L’Unione Induista Italiana, in collaborazione con il Comune di Savona e l’Associazione ASYA Om, presenta il Mahābhārata, la più vasta epopea mai composta, in una versione inedita e giovane. Lo spettacolo diretto da Stefania Lo Russo, con testi curati da Marco M. Pernich, sarà portato in scena il 3 agosto 2026 sul palcoscenico del Priamar, con ingresso libero.
La compagnia STN–Studionovecento, composta principalmente da studentesse e studenti universitari, propone una rappresentazione che esplora temi universali come la pace e la guerra, attraverso la narrazione dello scontro fratricida che culmina in un’ecatombe mondiale. L’iniziativa, nata dall’esperienza di successo dello scorso anno a Milano con tre serate sold-out alla Fabbrica del Vapore, offre una riflessione attuale in un contesto storico segnato da conflitti e incertezze.
“Non si può amare la pace quando c’è la guerra – bisogna amarla prima”, recitano alcuni dei versi dello spettacolo, sottolineando l’importanza di coltivare la pace come valore fondamentale.

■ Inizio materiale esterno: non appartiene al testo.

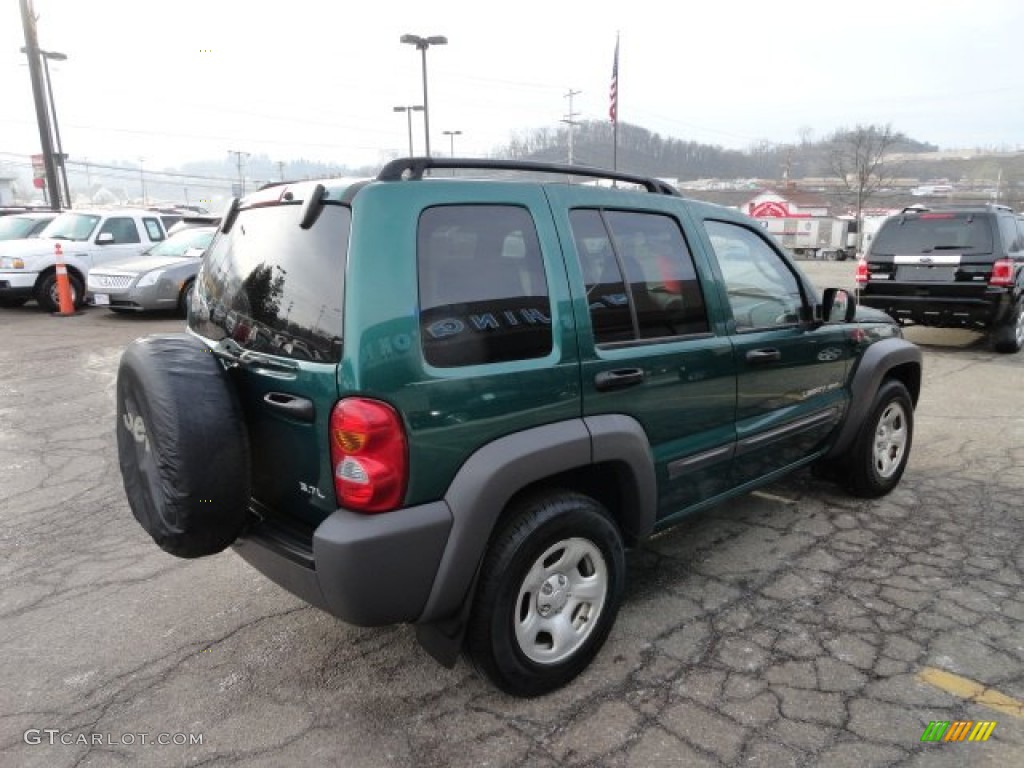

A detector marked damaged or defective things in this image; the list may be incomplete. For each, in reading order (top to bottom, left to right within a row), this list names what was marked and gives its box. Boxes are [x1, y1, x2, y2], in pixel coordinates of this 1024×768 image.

cracked pavement [0, 262, 1019, 765]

L’Unione Induista Italiana ha finanziato il progetto con i fondi dell’8XMille, riconoscendone il valore culturale e formativo.

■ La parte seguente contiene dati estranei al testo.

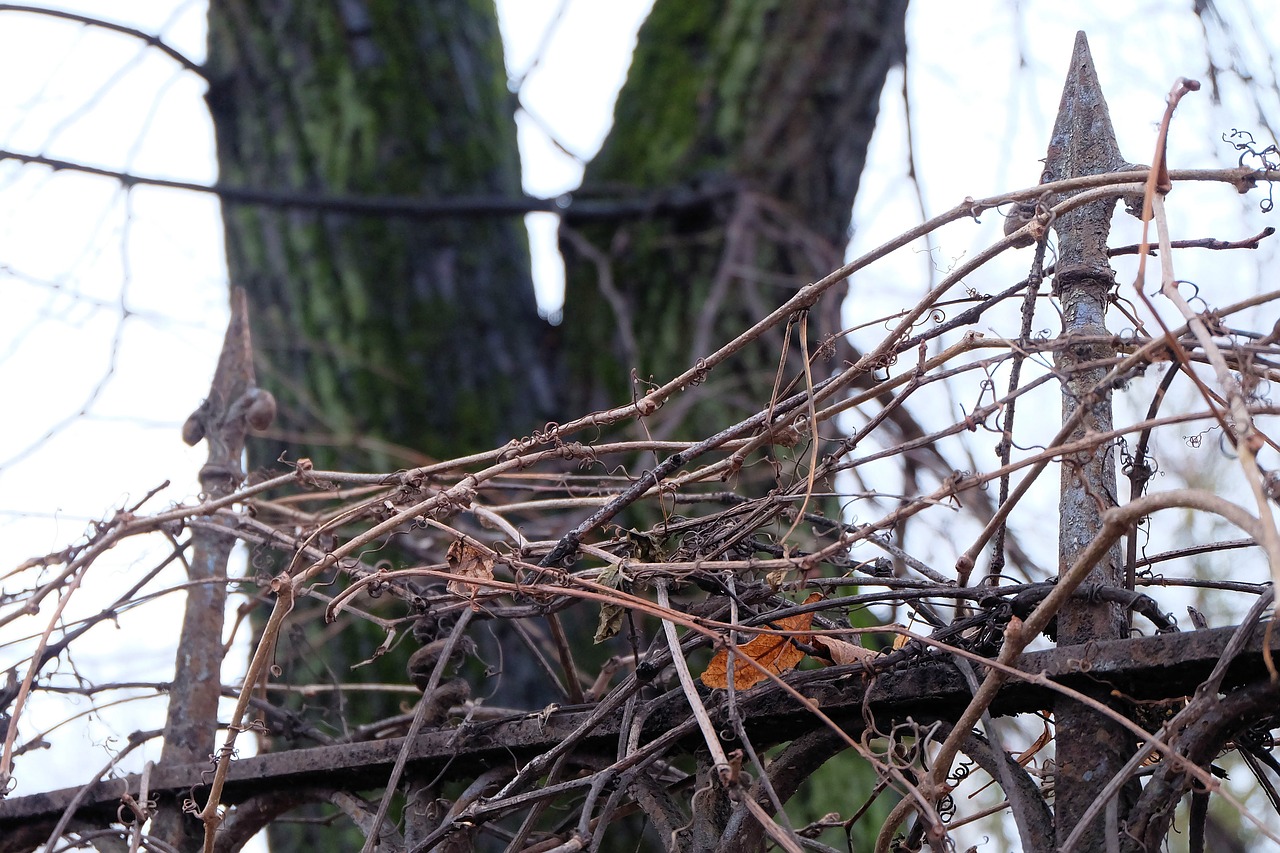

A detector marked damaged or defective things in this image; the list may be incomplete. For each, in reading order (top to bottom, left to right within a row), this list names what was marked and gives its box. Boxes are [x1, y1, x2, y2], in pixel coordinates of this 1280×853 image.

Svamini Hamsananda Ghiri, vicepresidente dell’Unione Induista Italiana, ha dichiarato:
“Nel Mahābhārata si legge: ‘Quello che c’è qui c’è anche altrove. Ma quello che non c’è qui, non lo si trova da nessun’altra parte’. Il cuore del Mahābhārata è il dharma: una realtà complessa che permea ogni aspetto dell’esistenza umana, coinvolgendo coscienza, etica, responsabilità sociale, rapporto con gli esseri viventi, disciplina della mente e ricerca della verità.”